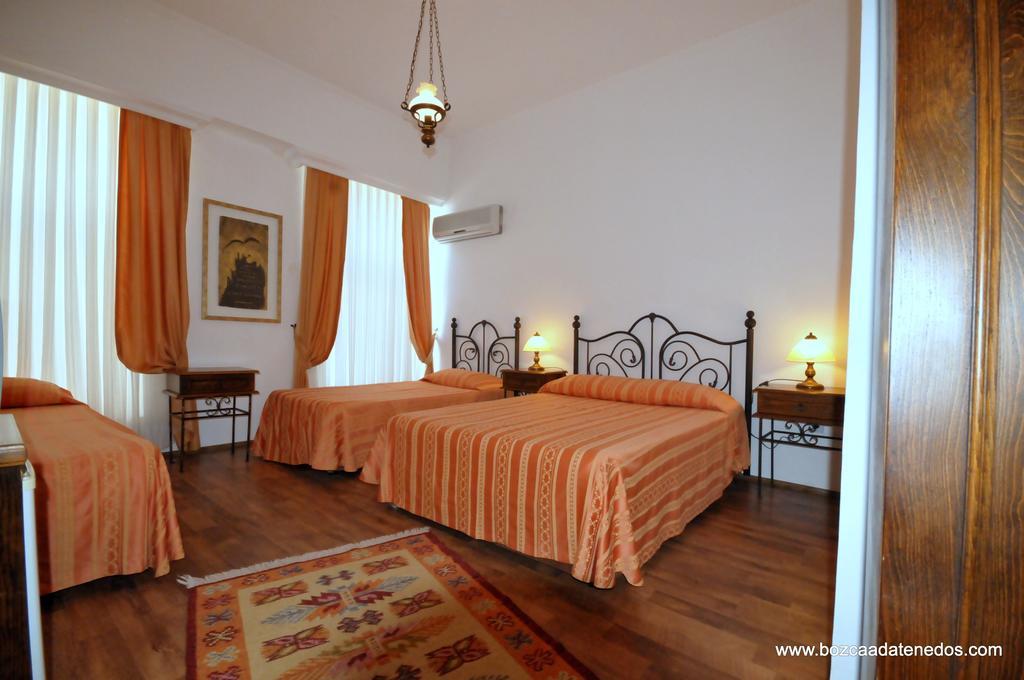 Ege Hotel Bozcaada Island Værelse billede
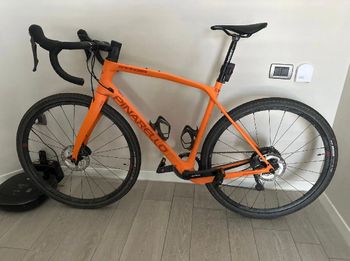 Pinarello, Granger Shimano GRX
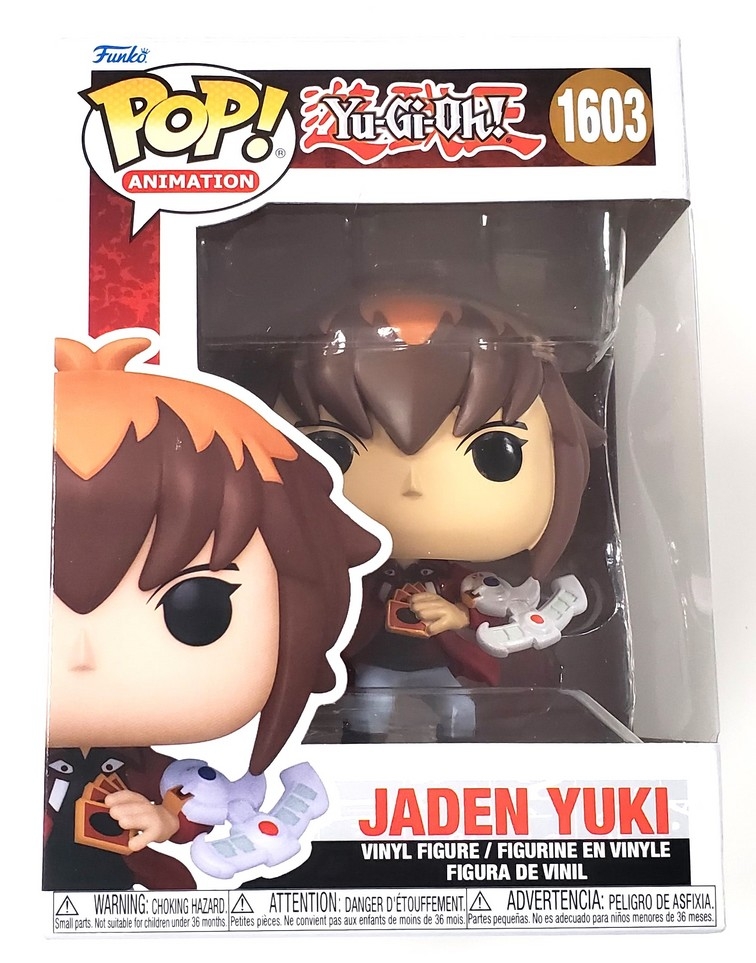 Yu-Gi-Oh! - Jaden Yuki #1603 (NEW)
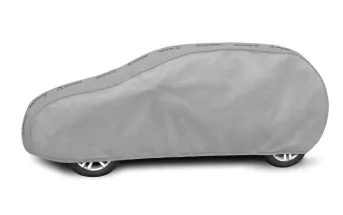 Тент для автомобіля Basic Garage. Розмір: L1 hb/kombi на Kia Ceed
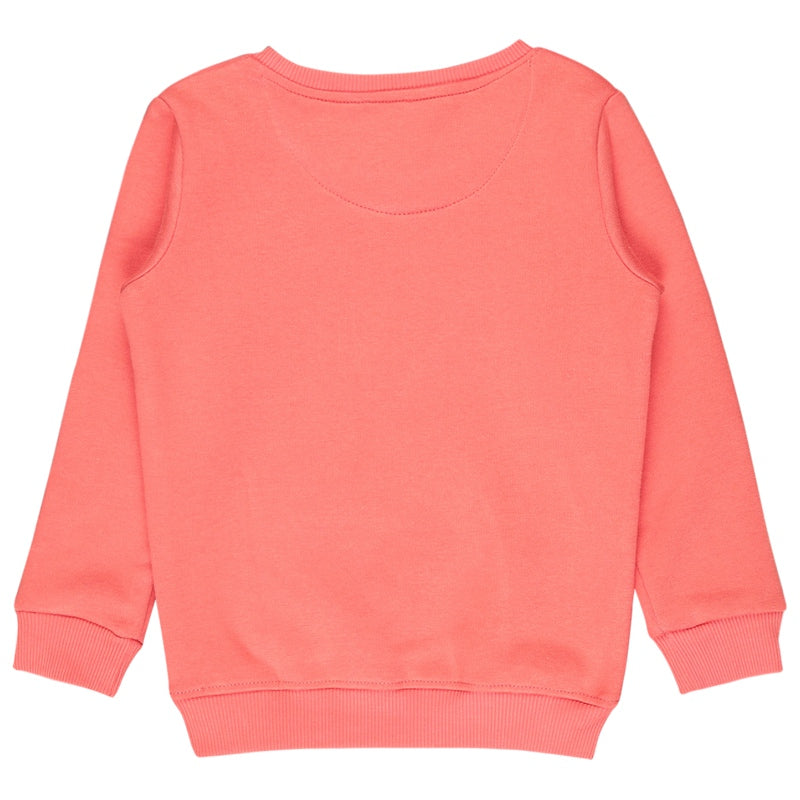 Bodycare Girls Fleece Minnie & Friends Printed Sweat Shirt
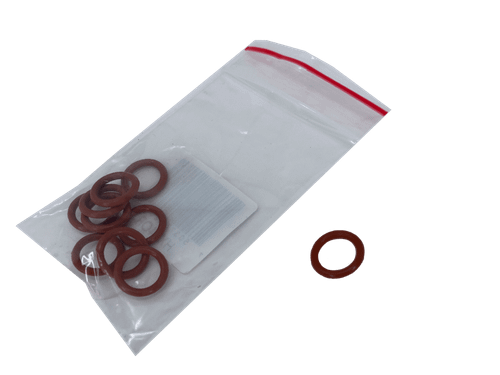 CPS O-Ring Set 1/4" Safety/Brown Valve HX14OR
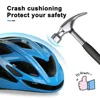 RNOX Outdoor Ultralight Cycling Helmet Cycling Safety Cap ntegrally-molded MTB Bicycle Helmet Racing Riding Cycling Equipments 4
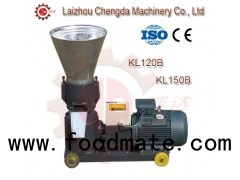 KL120B And KL150B Pellet Machine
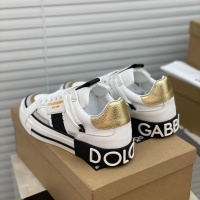 Cheap Dolce &amp; Gabbana D&amp;G Casual Shoes For Men #1174069 Replica Wholesale [$82.00 USD] [ITEM#1174069] on Replica Dolce &amp; Gabbana D&amp;G Casual Shoes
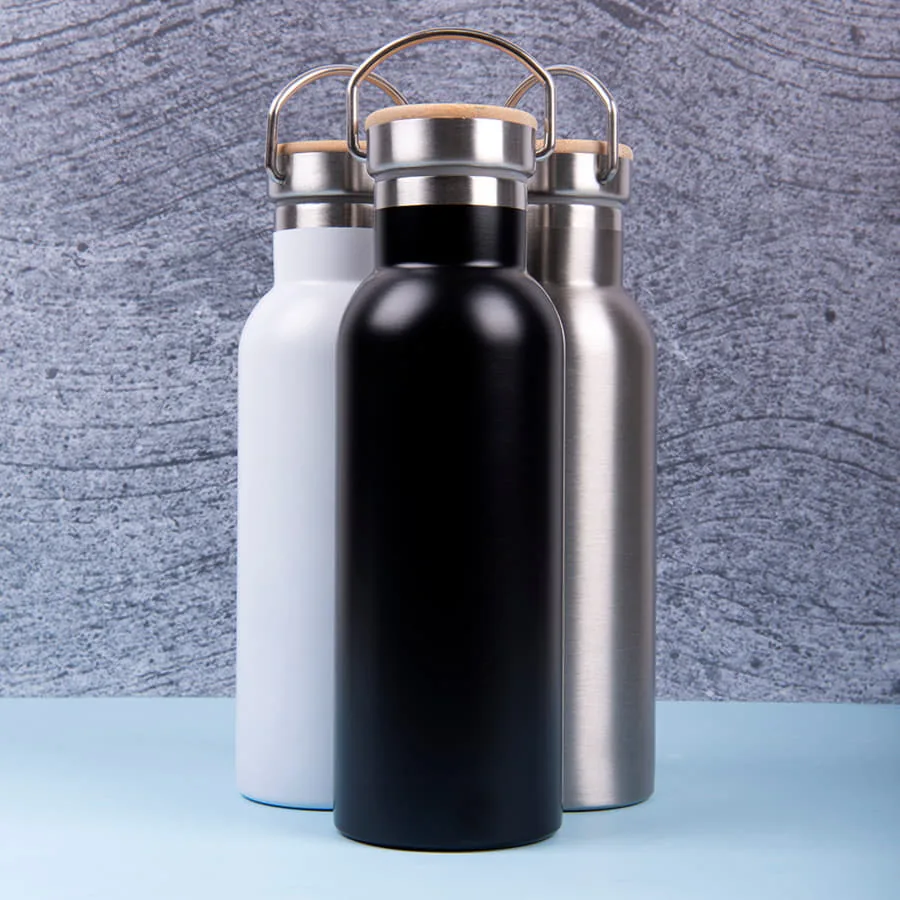 Бутылка для воды DISTILLER, 500мл фото 6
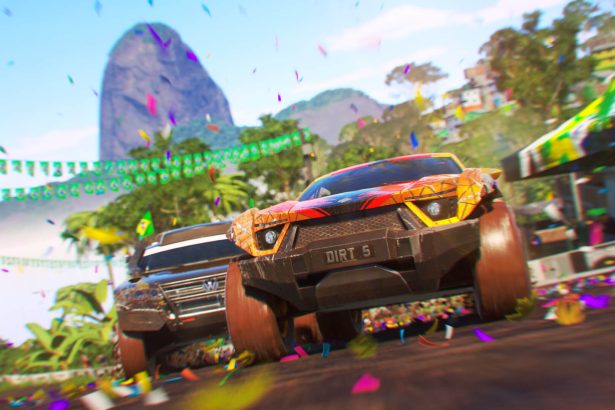 TESZT: Dirt 5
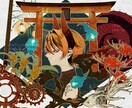 サムネイル・1枚絵お描きします 表情差分2点まで無料です！リピ割あります！ イメージ5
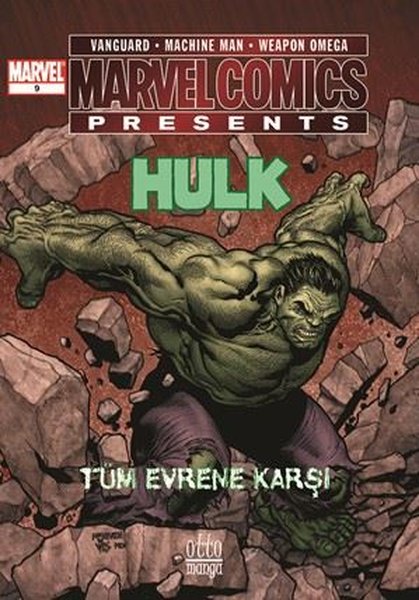 Marvel Comics Presents 2025 - 09 - Hulk Tüm Evr...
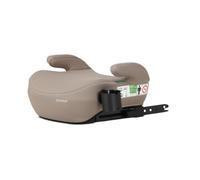 Deryan Cody i-Size Kindersitz - Booster-Sitz (Mit ISOFIX - Nougat)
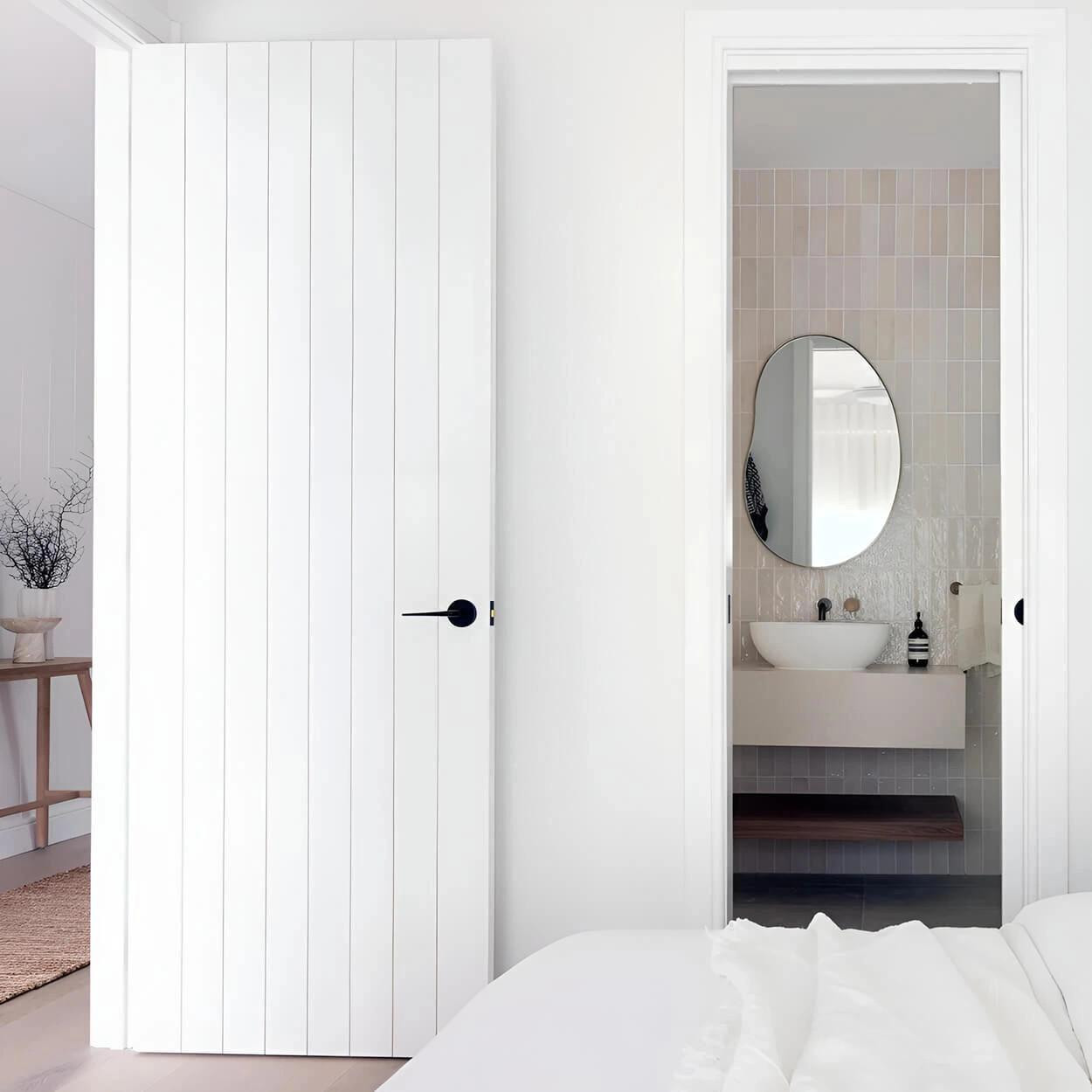 Timber Doors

Task to complete – All of the records need to be reproduced exactly, with each picture omitted.

Solution to the problem –
 Ege Hotel Bozcaada Island Værelse billede
 Pinarello, Granger Shimano GRX
 Yu-Gi-Oh! - Jaden Yuki #1603 (NEW)
 Тент для автомобіля Basic Garage. Розмір: L1 hb/kombi на Kia Ceed
 Bodycare Girls Fleece Minnie & Friends Printed Sweat Shirt
 CPS O-Ring Set 1/4" Safety/Brown Valve HX14OR
 RNOX Outdoor Ultralight Cycling Helmet Cycling Safety Cap ntegrally-molded MTB Bicycle Helmet Racing Riding Cycling Equipments 4
 KL120B And KL150B Pellet Machine
 Cheap Dolce &amp; Gabbana D&amp;G Casual Shoes For Men #1174069 Replica Wholesale [$82.00 USD] [ITEM#1174069] on Replica Dolce &amp; Gabbana D&amp;G Casual Shoes
 Бутылка для воды DISTILLER, 500мл фото 6
 TESZT: Dirt 5
 サムネイル・1枚絵お描きします 表情差分2点まで無料です！リピ割あります！ イメージ5
 Marvel Comics Presents 2025 - 09 - Hulk Tüm Evr...
 Deryan Cody i-Size Kindersitz - Booster-Sitz (Mit ISOFIX - Nougat)
 Timber Doors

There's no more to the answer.